The task: Nothing but the lines below between the line holding "Cartoon Style Pizza" and the line holding "Tinyfit Baby Diaper", inclusive, should appear in the answer, each set down exactly.

Listed records:
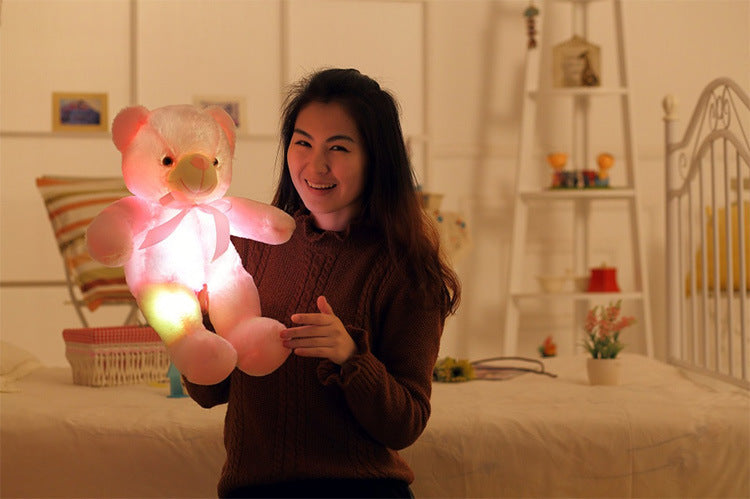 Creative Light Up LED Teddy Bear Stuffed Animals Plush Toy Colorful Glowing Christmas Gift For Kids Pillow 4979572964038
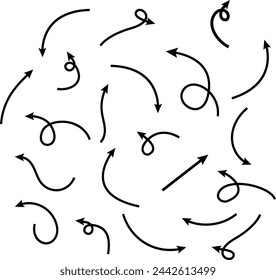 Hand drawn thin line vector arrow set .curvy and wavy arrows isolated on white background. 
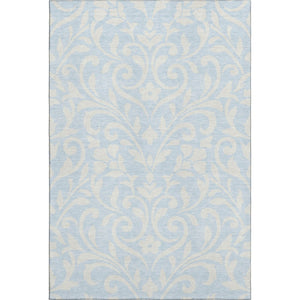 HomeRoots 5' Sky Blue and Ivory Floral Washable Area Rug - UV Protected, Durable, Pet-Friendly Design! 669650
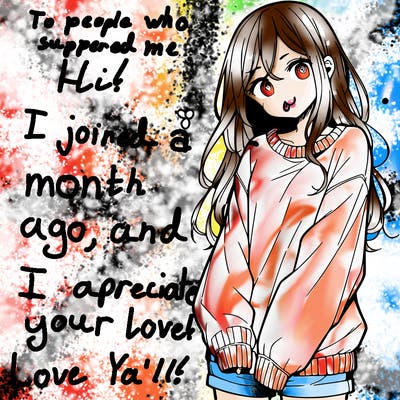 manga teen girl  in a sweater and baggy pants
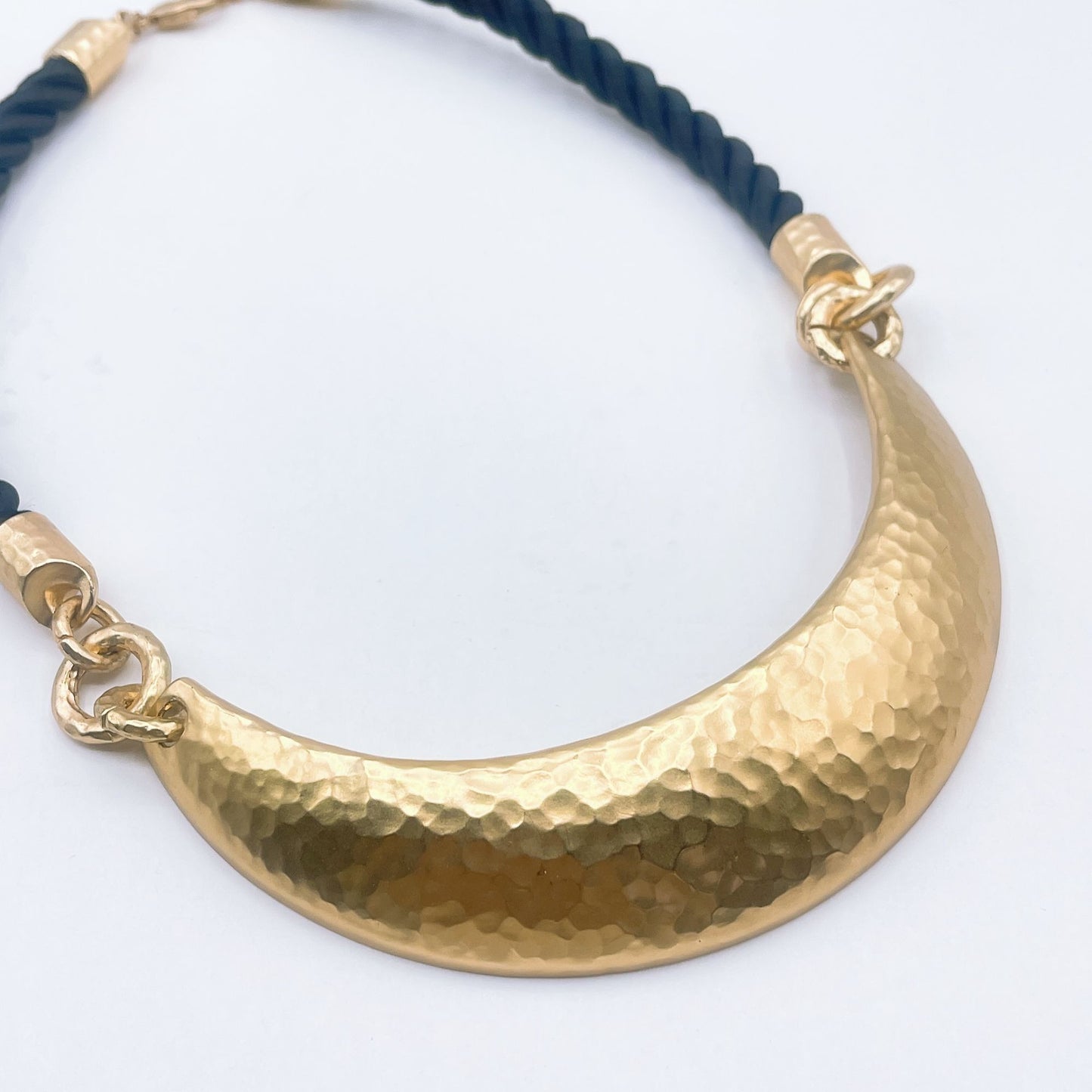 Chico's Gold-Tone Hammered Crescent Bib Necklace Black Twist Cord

--

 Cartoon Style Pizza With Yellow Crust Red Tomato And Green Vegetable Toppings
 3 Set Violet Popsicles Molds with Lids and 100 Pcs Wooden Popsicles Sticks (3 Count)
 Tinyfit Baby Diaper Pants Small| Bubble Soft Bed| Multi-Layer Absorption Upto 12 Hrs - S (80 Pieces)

Solution:
 Cartoon Style Pizza With Yellow Crust Red Tomato And Green Vegetable Toppings
 3 Set Violet Popsicles Molds with Lids and 100 Pcs Wooden Popsicles Sticks (3 Count)
 Tinyfit Baby Diaper Pants Small| Bubble Soft Bed| Multi-Layer Absorption Upto 12 Hrs - S (80 Pieces)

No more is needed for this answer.